Available records.
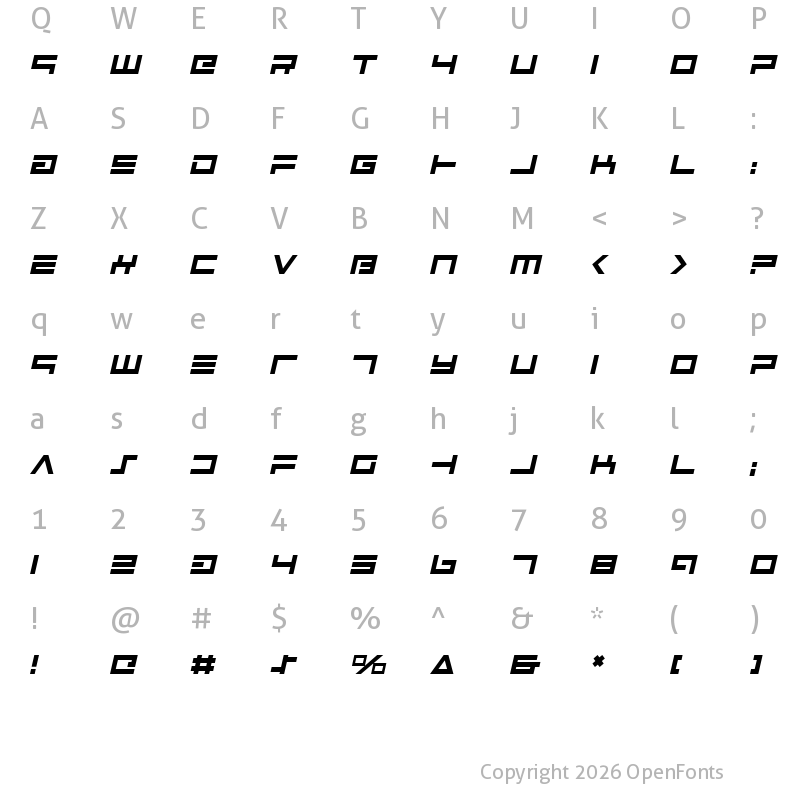 Character Map of Avenger Italic Italic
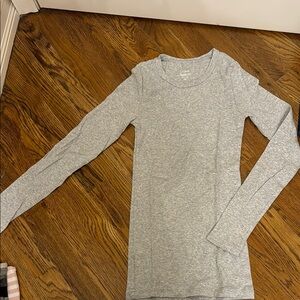 Gray Long Sleeve Top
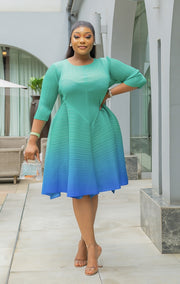 City Beauty- Ombre Pleats Fit and Flare Dress (NEW)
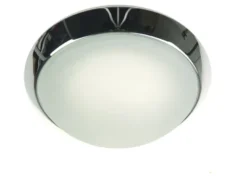 LED-Deckenleuchte rund, Glas satiniert mit Klarrand, Dekorring Chrom, Ø 25cm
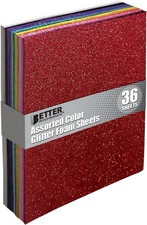 Better Office Products 36 Pack Glitter Foam Sheets, 9 X 12 Inch, Assorted 12 Col
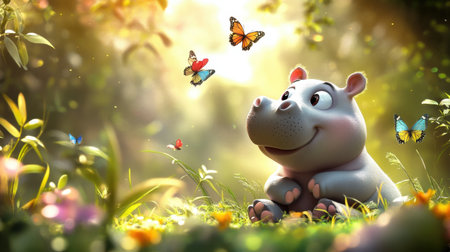 A playful baby hippo interacts with fluttering butterflies in a bright nature setting, vivid colors and friendly vibes in this 3D illustrationの素材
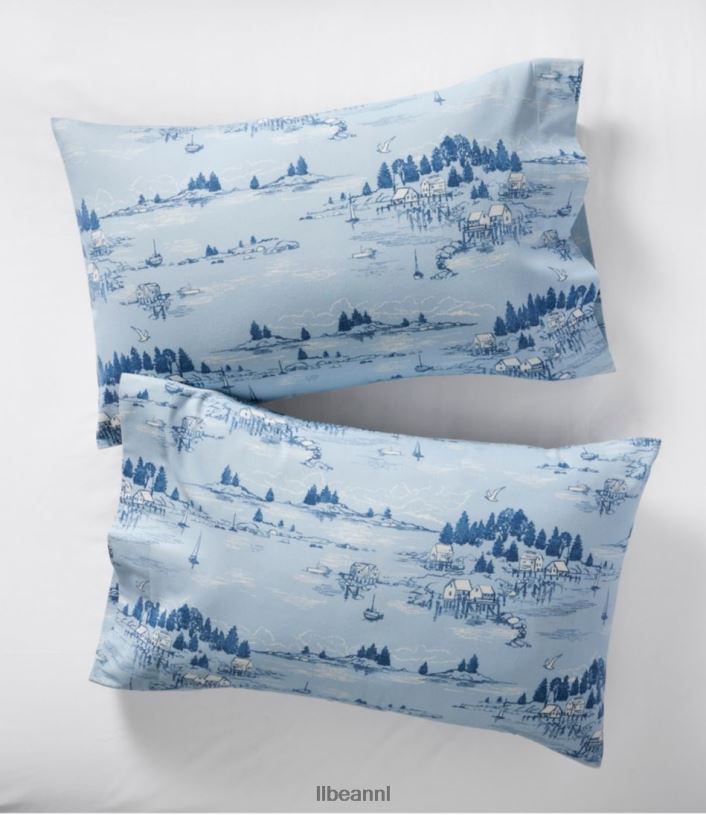 L.L.Bean unisex collectie flanellakens uit het kustlandschap kust blauw beddengoed VT0642719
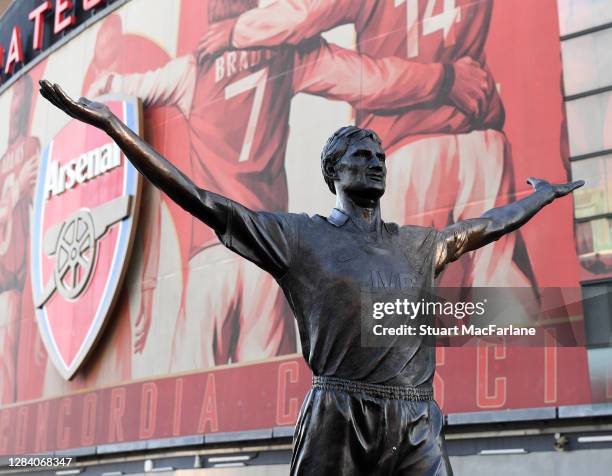 The Tony Adams statue oustide Emirates Stadium before the UEFA Europa League Group B stage match between Arsenal FC and Molde FK on November 05, 2020...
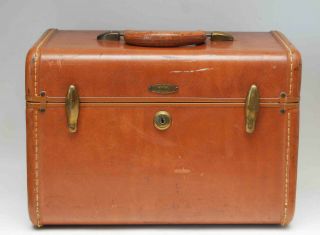 Vintage Shwayder Bros Samsonite Leather Train Case With Insert And Key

What you are asked to do.
Reproduce, exactly and only, the lines of the records above starting at the line with "Gray Long Sleeve Top" and ending at the line with "Better Office Products", both included. Leave every picture out.

Solution to the problem.
 Gray Long Sleeve Top
 City Beauty- Ombre Pleats Fit and Flare Dress (NEW)
 LED-Deckenleuchte rund, Glas satiniert mit Klarrand, Dekorring Chrom, Ø 25cm
 Better Office Products 36 Pack Glitter Foam Sheets, 9 X 12 Inch, Assorted 12 Col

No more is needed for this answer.